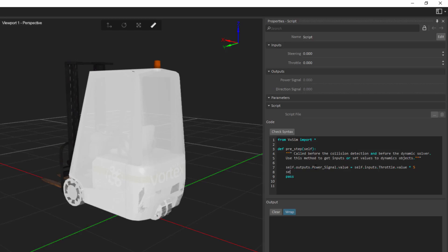For the second line, self dot outputs dot direction dot value is equal to self dot inputs dot steering dot value multiply by 10. So this will quite simply take two input values, have a multiplier on them, and then send that back out to the power signal and the direction signal.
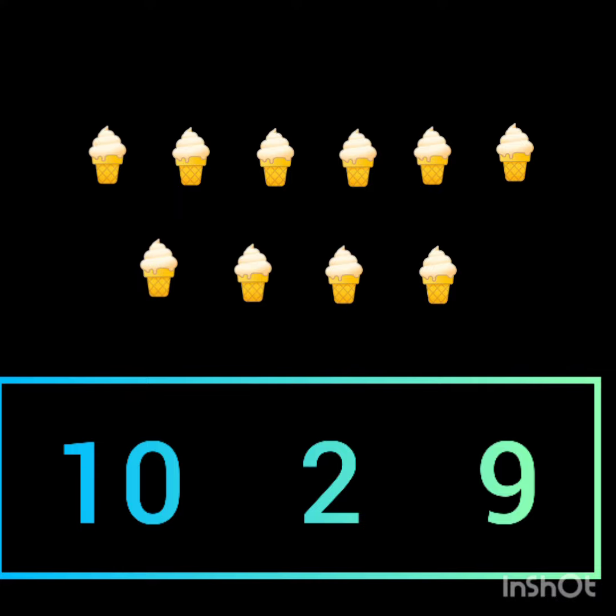Okay everyone, you should be able to recognize the number. Student, prepare yourself for this assessment. Allah Hafiz, everyone!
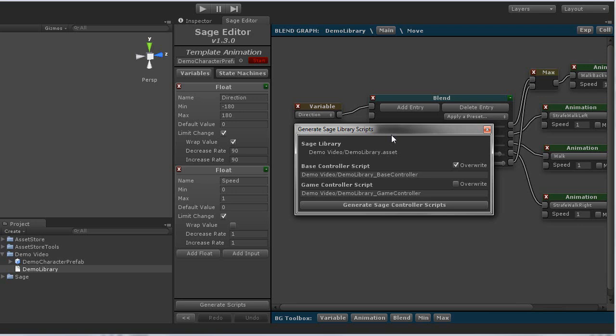The base controller script contains all of the functions necessary to make it easier to interact with your sage library, including event functions for when the states are entered, updated, and exited. As well, it contains functions and properties to interact with the variables, state machines, and states of your sage library.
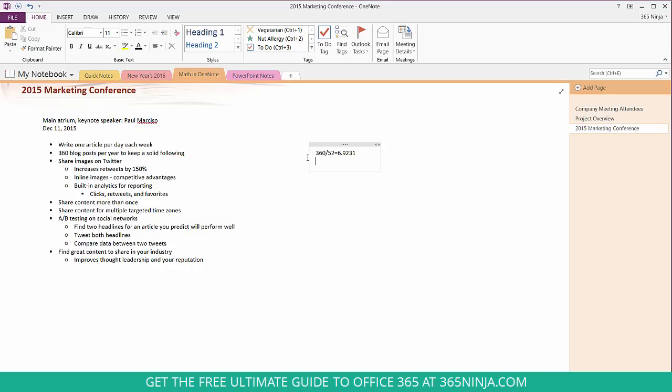Now if I wanted to figure out how many posts do I have to write per day I'll do that calculation right now. I'll click the equal sign and I can also click the spacebar to get my answer.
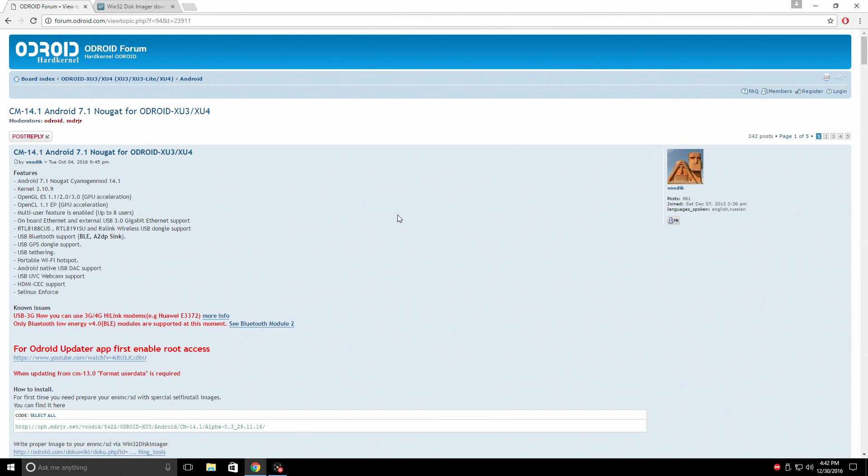Today I want to show you how to install Android 7.1 to your XU4. We're going to be installing this to an EMMC module. I have not been able to run this directly from an SD card. I don't know why. I've tried several times, flashed it several different ways, but I cannot get it to boot directly from the SD.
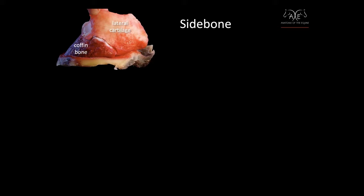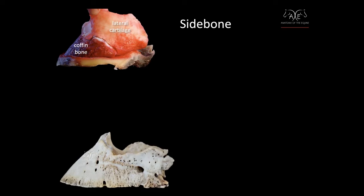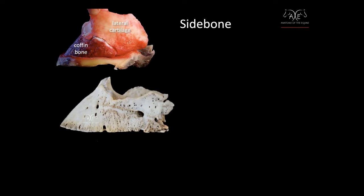And your collateral cartilage extends past the wings of the coffin bone or the palmar process. So when you have that cartilage turning to bone, that is referred to as ossification.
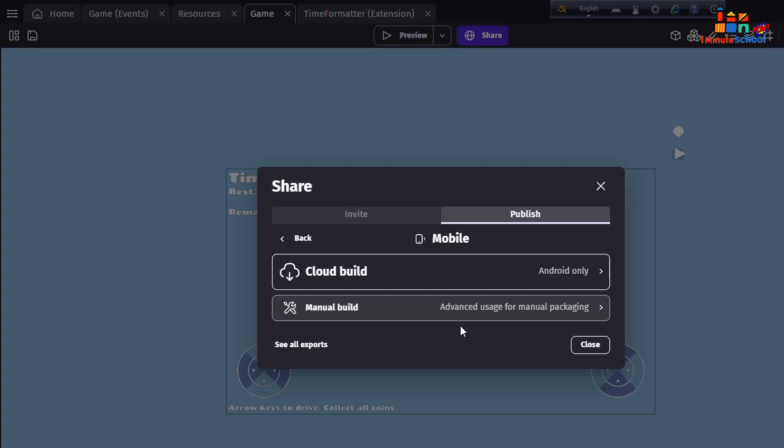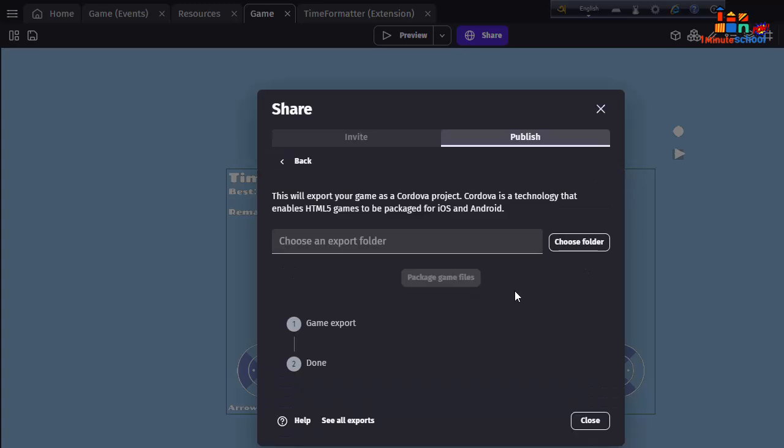You can see here two options: Cloud Build and Manual Build. I'm going to explain what is Cloud Build and what is Manual Build. If you want to publish your application on Apple Store, that means iOS versions, then you can do advanced packaging. Just click on that and we can choose our folder.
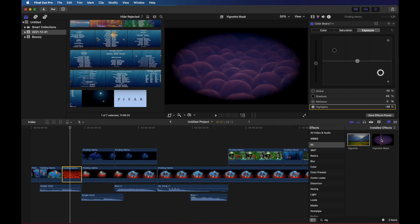So that's how you can change colors, saturation and exposure, as well as use a vignette to change the color and the implied mood of the clip that you're working with in Final Cut Pro.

───

What is expected:
An exact copy is needed of every line from the one holding "And your collateral" to the end of the entries above, both ends kept and each picture dropped.

Solved problem:
And your collateral cartilage extends past the wings of the coffin bone or the palmar process. So when you have that cartilage turning to bone, that is referred to as ossification.
You can see here two options: Cloud Build and Manual Build. I'm going to explain what is Cloud Build and what is Manual Build. If you want to publish your application on Apple Store, that means iOS versions, then you can do advanced packaging. Just click on that and we can choose our folder.
So that's how you can change colors, saturation and exposure, as well as use a vignette to change the color and the implied mood of the clip that you're working with in Final Cut Pro.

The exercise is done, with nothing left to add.